Adapun mengenai Kazantzakis, oleh
karena novelnya yang kontroversial itu, Gereja Katolik memasukkan novelnya dalam
golongan buku-buku yang terlarang. Sementara, kelompok Protestan di Amerika
Serikat dengan sekuat tenaga menyelidik dan membongkar
perpustakaan-perpustakaan, dan membuang novel yang ditemukan dari sana. Hal ini
justru menjadikan novel Kazantzakis bestseller....
Dalam pandangan Carol Iannone,
Kazantzakis merupakan seorang peziarah spiritual yang serius. Peziarahannya
membawa dirinya pada pemikiran Bergson, Nietzsche, Buddha, Mussolini, Marx, dan
Lenin, tetapi ia kembali ke sosok Yesus. Mengenai sosok Yesus ini, dalam sebuah
memoir-nya, Report to Greco (1961), Kazantzakis mengungkapkan:
“Jika kita ingin sungguh mengikutiNya, seharusnyalah kita memiliki pengenalan mendalam pada konflik-konflik yang dialamiNya, seharusnyalah kita menghidupkan kembali sakit-takut-dan-dukacitaNya. … Dalam rangka pendakian menuju salib – puncak persembahan –, dan menuju Allah, Kristus melewati jalan-jalan di mana manusia berjuang melewatinya pula. Itulah sebabnya mengapa penderitaanNya begitu familiar buat kita manusia … Kita berjuang. Kita melihat padaNya perjuangan itu pula, dan kita menemukan kekuatan di sana …”.
“Jika kita ingin sungguh mengikutiNya, seharusnyalah kita memiliki pengenalan mendalam pada konflik-konflik yang dialamiNya, seharusnyalah kita menghidupkan kembali sakit-takut-dan-dukacitaNya. … Dalam rangka pendakian menuju salib – puncak persembahan –, dan menuju Allah, Kristus melewati jalan-jalan di mana manusia berjuang melewatinya pula. Itulah sebabnya mengapa penderitaanNya begitu familiar buat kita manusia … Kita berjuang. Kita melihat padaNya perjuangan itu pula, dan kita menemukan kekuatan di sana …”.

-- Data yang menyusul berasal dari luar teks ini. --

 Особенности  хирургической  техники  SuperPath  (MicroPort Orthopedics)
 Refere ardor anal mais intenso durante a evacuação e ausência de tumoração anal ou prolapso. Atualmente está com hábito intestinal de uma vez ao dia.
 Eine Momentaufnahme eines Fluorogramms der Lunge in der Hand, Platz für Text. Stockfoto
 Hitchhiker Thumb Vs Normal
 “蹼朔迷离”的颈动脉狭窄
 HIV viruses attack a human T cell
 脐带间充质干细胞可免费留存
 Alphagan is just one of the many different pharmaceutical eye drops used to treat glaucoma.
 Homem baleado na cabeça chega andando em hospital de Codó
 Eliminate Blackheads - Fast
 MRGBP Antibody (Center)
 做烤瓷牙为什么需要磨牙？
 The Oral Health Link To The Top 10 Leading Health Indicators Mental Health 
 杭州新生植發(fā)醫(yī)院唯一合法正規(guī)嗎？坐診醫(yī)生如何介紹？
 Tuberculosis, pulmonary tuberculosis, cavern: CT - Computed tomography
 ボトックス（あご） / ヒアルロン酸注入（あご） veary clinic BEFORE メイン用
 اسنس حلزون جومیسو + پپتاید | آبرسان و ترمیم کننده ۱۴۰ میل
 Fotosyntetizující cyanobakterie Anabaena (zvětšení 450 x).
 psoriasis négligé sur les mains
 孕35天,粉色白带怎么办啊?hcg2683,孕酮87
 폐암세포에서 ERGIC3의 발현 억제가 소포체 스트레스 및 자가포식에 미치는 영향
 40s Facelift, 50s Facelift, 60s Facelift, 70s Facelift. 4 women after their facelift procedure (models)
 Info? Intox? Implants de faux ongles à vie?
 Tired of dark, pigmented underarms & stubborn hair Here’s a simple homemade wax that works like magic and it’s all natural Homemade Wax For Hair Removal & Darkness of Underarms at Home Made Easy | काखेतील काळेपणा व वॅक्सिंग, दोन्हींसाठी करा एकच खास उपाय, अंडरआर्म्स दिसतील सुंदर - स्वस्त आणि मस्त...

Nah, sekarang, siapakah Yesus
Kristus menurut Anda?
1 komentar:
ya, selalu ada kontroversi selama kita hidup di dunia ini, ibarat uang bermata dua selalu begitu tapi walaupun sosok Almasih dalam film dicitrakan sisi kemanusianNya ya memang supaya qta belajar memahami misi Allah kepada manusia bukan semata menunjukan kelemahan Allah, walaupun ada yang tidak setuju tapi tanda kedatangan Mesias harus dimaknai bukan saja dari sisi mujizatNya tapi juga dari sisi penghujatnya, Mesias tetap Mesias baik atau buruk kita harus mau menerima seperti uang yang bermata dua, Gbus,amen.